Get lost at sea: Classic sailing stories to read on board

What better way to accompany your explorer yacht expedition to the Arctic (or leisurely cruise around the Mediterranean) than the best reads telling tales of great seafaring exploits? From stories of accidental adventures to the capers of famous fictional explorers, we’ve rounded up the best sailing novels to pack for your next superyacht vacation.

Typhoon by Joseph Conrad (1902)

This novella, first published in 1902 and still in print, is best read while safely tied up alongside or in some snug anchorage – the description of the tropical storm in the title is unnervingly real. Conrad is thought to have ridden out a cyclone aboard the steamer John P Best and drawn on his own experiences for the story.

The Endurance by Caroline Alexander (1998)

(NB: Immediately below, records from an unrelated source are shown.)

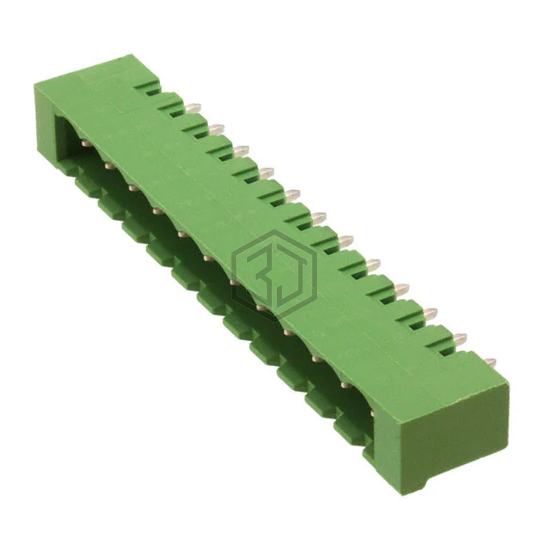 1924402 - Phoenix Contact - Terminal Blocks - Headers, Plugs and Sockets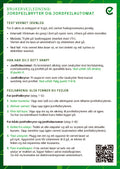 Bruksanvisning Jordfeilautomater/brytere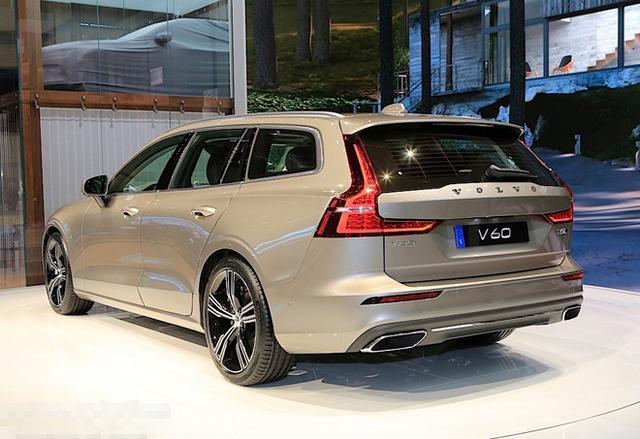 2018款沃尔沃v60和xc40 inscription将亮相纽约车展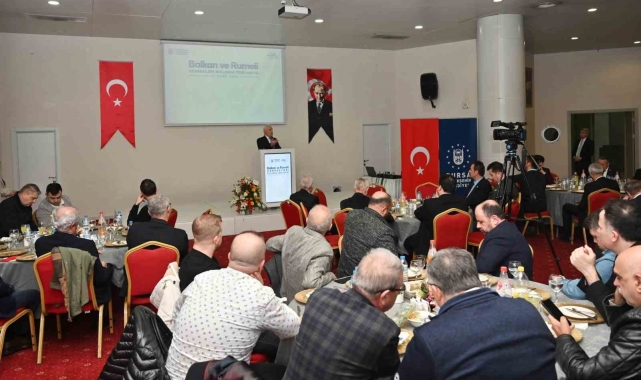 Bursa'da Balkan ve Rumeli buluşması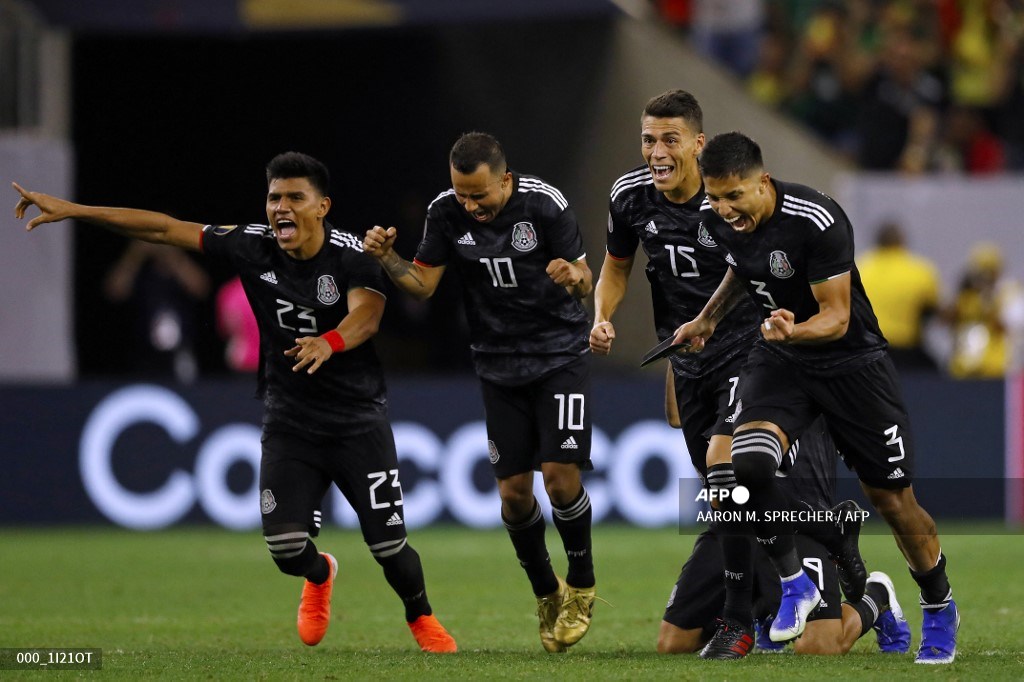 Selección de México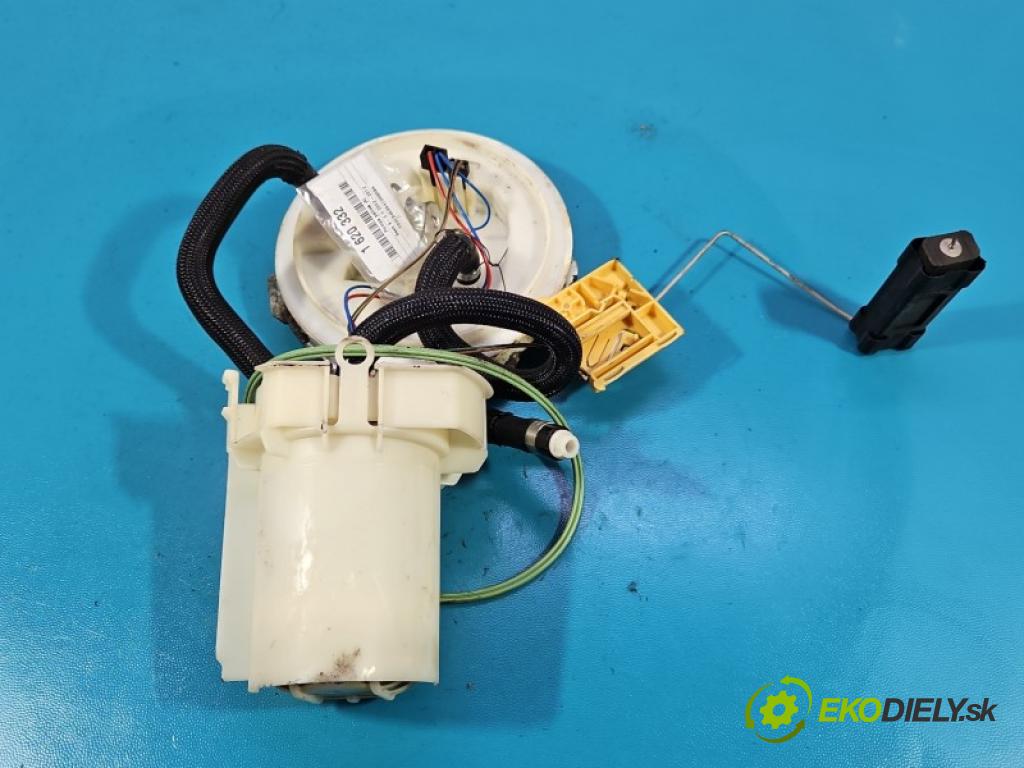 Saab 9-3 II 2002-2012 1.8 16V 122 hp manual 90 kW 1796 cm3 4- čerpadlo paliva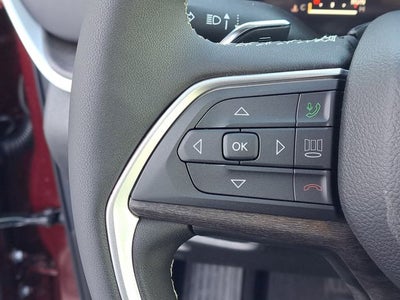 2026 Jeep Grand Cherokee Laredo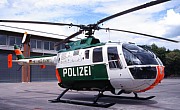 Polizei Hessen - Photo und Copyright by Heli-Pictures
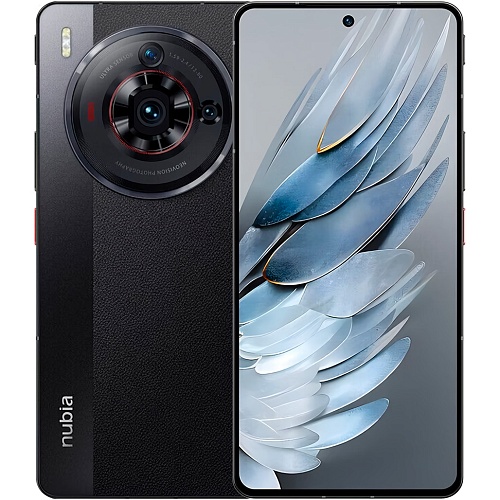 Смартфон Nubia Z50S Pro 12/1TB Black - придбати в Дніпрі, Україні: ціна, характеристики | інтернет-магазин TOUCH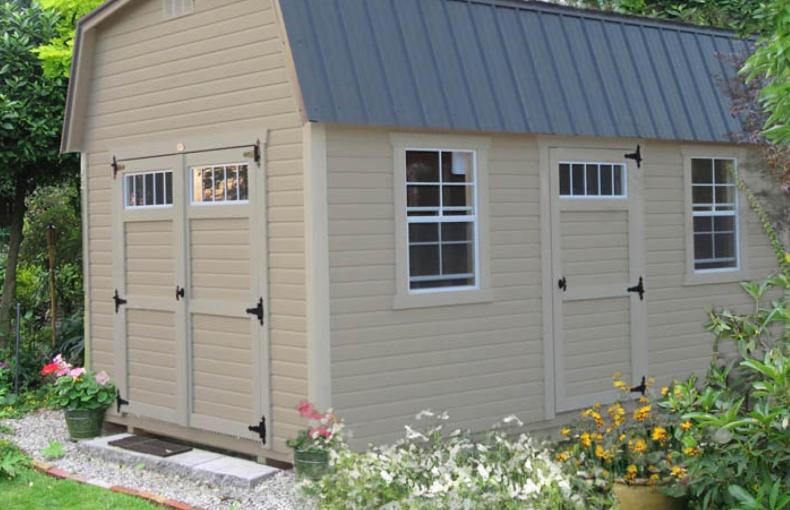 Things You Shouldn’t Store in a Shed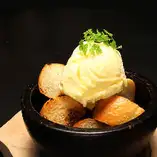 石焼ハニートースト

It’s strange to think that there was a time when the name of Ernest Henry Shackleton was hardly known outside the world of polar historians; his fame was eclipsed by that of Captain Scott, who perished in 1912 in his attempt to conquer the South Pole. But in the later years of the 20th century, Shackleton’s charisma, leadership and sheer knack for survival have restored his reputation. In 1914 he set off to cross the Antarctic continent, but his ship, Endurance, was crushed and sunk by the pack ice of the Weddell Sea. The rescue of his men involved an extraordinary journey of 800 miles across the South Atlantic in the tiny lifeboat James Caird. Alexander tells the story with gusto, her book marvellously enriched by expedition photographer Frank Hurley’s images: their survival as extraordinary as that of the men, and of the tale itself.

A Night to Remember by Walter Lord (1955)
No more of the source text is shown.